They arrested 17 alleged Islamist terrorists in and around Toronto on Saturday, most of them young and Canadian-born. They had bought three tonnes of ammonium nitrate and are accused of planning to bomb targets in southern Ontario. Shock! Horror! How could this happen here?

Any terrorist attack on Canada is
bound to be home-grown, because there is no shadowy but powerful network of international Islamist terrorists waging a war against the West.

There are isolated small groups of extremists who blow things up once in a while, and there are websites and other media through which they can exchange ideas and techniques. But there is no headquarters, no chain of command, no organisation that can be defeated, dismantled and destroyed.

There have been Islamist terrorist groups in the Arab world for decades, but there never was much of an international Islamist "terrorist network". Even in al Qaeda's heyday, before the US invasion of Afghanistan effectively beheaded it in 2001, there were only a few hundred core members.

According to US intelligence estimates, between 30,000 and 70,000 volunteers passed through al Qaeda's training camps in Afghanistan in 1996-2001, but their long-term impact on the world has been small.

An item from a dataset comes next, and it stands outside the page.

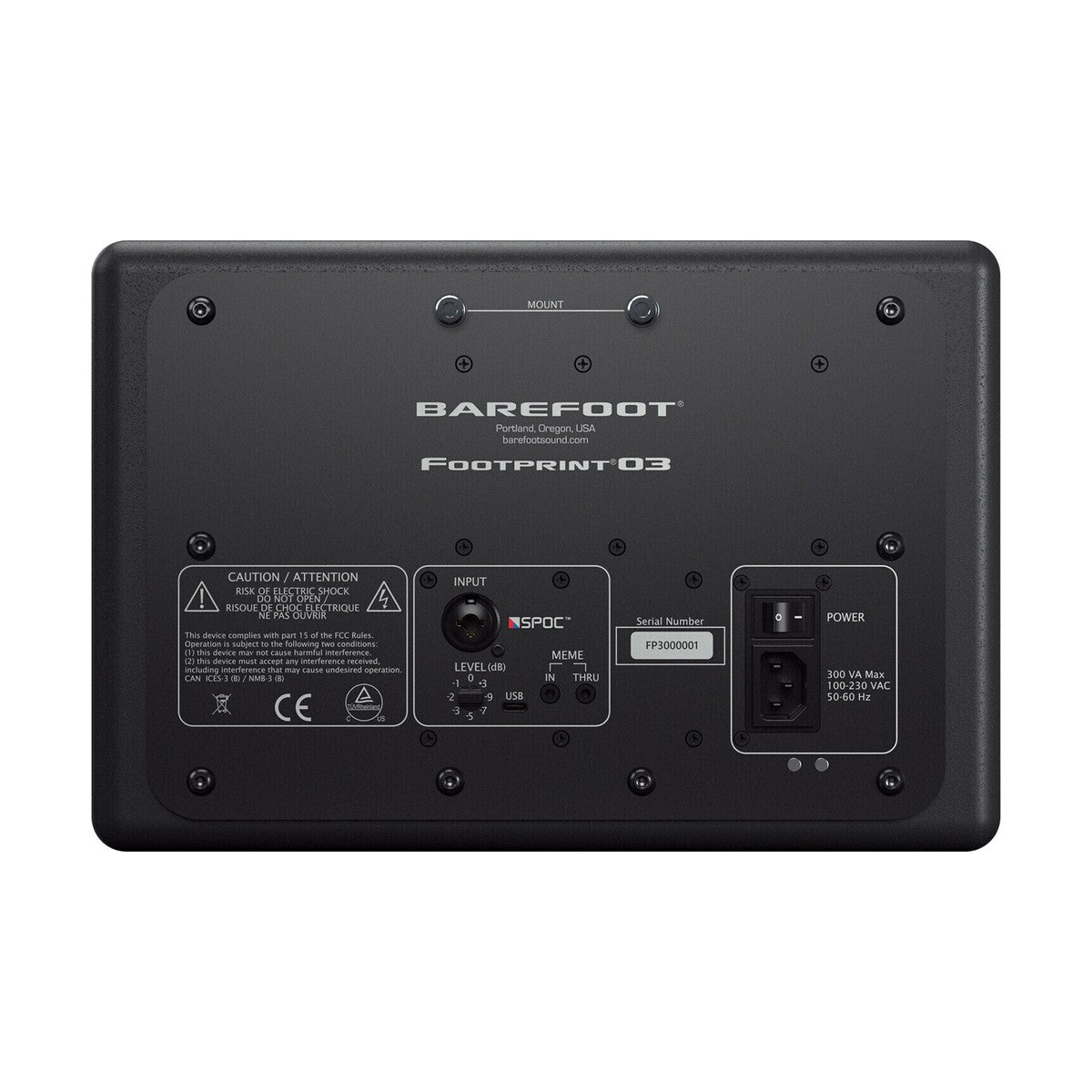 Barefoot Sound Footprint 03 3-way Active Studio Monitor (Pair)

For most people who went to those camps, it was more a rite of passage than the start of a lifelong career as a terrorist.

The average annual number of Islamist terrorist attacks in Arab and other Muslim countries has been no greater in the past five years than in the previous 10 or 20.

The West has been even less affected. The September 11 attacks on the United States were a spectacularly successful fluke, killing almost 3000 people, but there have been no further Islamist attacks in the US.

The two subsequent attacks in the West, in Madrid in 2004 and in London last year, cost the lives of 245 people. And those attacks were carried out by local people with no links to any "international terrorist network".

There isn't a major terrorist threat; just a little one. The substantial over-reaction called "the war on terror" came about because September 11 hit a very big and powerful country that had the military resources to strike anywhere in the world, and strategic interests that might be advanced by a war or two fought under the cover of a crusade against terrorism.

If September 11 had happened in Canada, it would all have been different.

A kind of September 11 did happen in Canada. The largest casualty toll of any terrorist attack in the West before 2001 was the 329 people who were killed in the terrorist bombing of Air India Flight 182, en route from Toronto to London, in 1985.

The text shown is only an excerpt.